An independent non-profit due to launch early next year will enlist students at the U.C. Berkeley graduate school of journalism to expand local news coverage in the San Francisco area. The Bay Area News Project, funded by a $5 million grant from a local philanthropist, will produce news primarily for the Web and mobile delivery, in collaboration with KQED public radio and television.
The project is hiring a professional staff but expects to involve students as well as faculty at Berkeley. The J-school already produces hyperlocal news sites in the Bay Area, including Mission Local and Oakland North, which presumably could provide some of the content for the new site.
This kind of collaboration makes a lot of sense for journalism schools and their students, and it could provide jobs for some laid-off journalists. In some ways, it’s similar to the New England Center for Investigative Reporting at Boston University and the Investigative Reporting Workshop at American University, which also combine student input with professional supervision.

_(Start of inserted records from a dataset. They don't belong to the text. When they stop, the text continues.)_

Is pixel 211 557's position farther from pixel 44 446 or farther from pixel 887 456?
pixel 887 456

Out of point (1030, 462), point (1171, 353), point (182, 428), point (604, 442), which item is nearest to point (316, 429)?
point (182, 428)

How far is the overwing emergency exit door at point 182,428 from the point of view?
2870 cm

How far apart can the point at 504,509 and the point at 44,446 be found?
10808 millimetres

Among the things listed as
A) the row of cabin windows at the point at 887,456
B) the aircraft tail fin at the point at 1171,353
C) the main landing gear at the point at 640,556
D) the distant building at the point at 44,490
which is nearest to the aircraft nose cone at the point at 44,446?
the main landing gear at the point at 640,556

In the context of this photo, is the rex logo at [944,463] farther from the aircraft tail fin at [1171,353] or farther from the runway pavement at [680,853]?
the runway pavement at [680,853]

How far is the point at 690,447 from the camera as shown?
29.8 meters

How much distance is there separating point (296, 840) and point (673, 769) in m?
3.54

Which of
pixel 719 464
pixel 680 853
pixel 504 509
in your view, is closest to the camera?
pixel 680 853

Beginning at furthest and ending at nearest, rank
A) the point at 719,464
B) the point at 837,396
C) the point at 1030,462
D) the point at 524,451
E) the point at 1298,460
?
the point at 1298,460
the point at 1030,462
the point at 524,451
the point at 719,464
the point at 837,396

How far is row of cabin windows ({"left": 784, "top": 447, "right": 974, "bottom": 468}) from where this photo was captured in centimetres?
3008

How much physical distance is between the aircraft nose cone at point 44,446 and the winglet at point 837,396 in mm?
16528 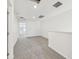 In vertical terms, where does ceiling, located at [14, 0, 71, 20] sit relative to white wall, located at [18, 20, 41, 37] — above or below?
above

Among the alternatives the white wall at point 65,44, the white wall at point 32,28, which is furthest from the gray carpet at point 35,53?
the white wall at point 32,28

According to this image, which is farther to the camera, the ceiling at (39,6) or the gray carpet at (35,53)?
the ceiling at (39,6)

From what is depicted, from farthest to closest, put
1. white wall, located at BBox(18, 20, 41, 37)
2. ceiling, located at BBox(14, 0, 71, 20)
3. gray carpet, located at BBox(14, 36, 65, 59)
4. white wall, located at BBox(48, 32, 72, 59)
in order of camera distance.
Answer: white wall, located at BBox(18, 20, 41, 37) → ceiling, located at BBox(14, 0, 71, 20) → gray carpet, located at BBox(14, 36, 65, 59) → white wall, located at BBox(48, 32, 72, 59)

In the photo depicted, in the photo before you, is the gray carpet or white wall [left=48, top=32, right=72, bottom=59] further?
the gray carpet

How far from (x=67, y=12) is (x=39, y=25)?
267 inches

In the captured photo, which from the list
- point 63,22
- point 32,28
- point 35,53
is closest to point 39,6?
point 63,22

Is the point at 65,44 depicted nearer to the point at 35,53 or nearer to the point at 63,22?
the point at 35,53

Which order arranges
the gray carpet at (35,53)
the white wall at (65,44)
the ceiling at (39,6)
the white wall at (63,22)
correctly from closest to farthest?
the white wall at (65,44) < the gray carpet at (35,53) < the ceiling at (39,6) < the white wall at (63,22)

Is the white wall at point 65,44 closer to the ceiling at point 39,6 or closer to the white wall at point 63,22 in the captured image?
the white wall at point 63,22

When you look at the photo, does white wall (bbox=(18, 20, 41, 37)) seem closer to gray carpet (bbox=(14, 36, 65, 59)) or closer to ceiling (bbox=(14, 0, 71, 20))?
ceiling (bbox=(14, 0, 71, 20))

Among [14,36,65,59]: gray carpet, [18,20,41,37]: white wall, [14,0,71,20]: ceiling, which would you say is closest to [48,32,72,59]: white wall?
[14,36,65,59]: gray carpet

But let’s face it, these kinds of projects can’t begin to re-employ all of the reporters and editors who have lost their jobs in the last couple of years. The project’s Web site says that 500 professional journalists now cover the Bay Area, compared to 900 back then. Collaborative projects provide a great opportunity for students to build their resumes, but they probably won’t make it any easier for J-school graduates to find full-time jobs in the news business.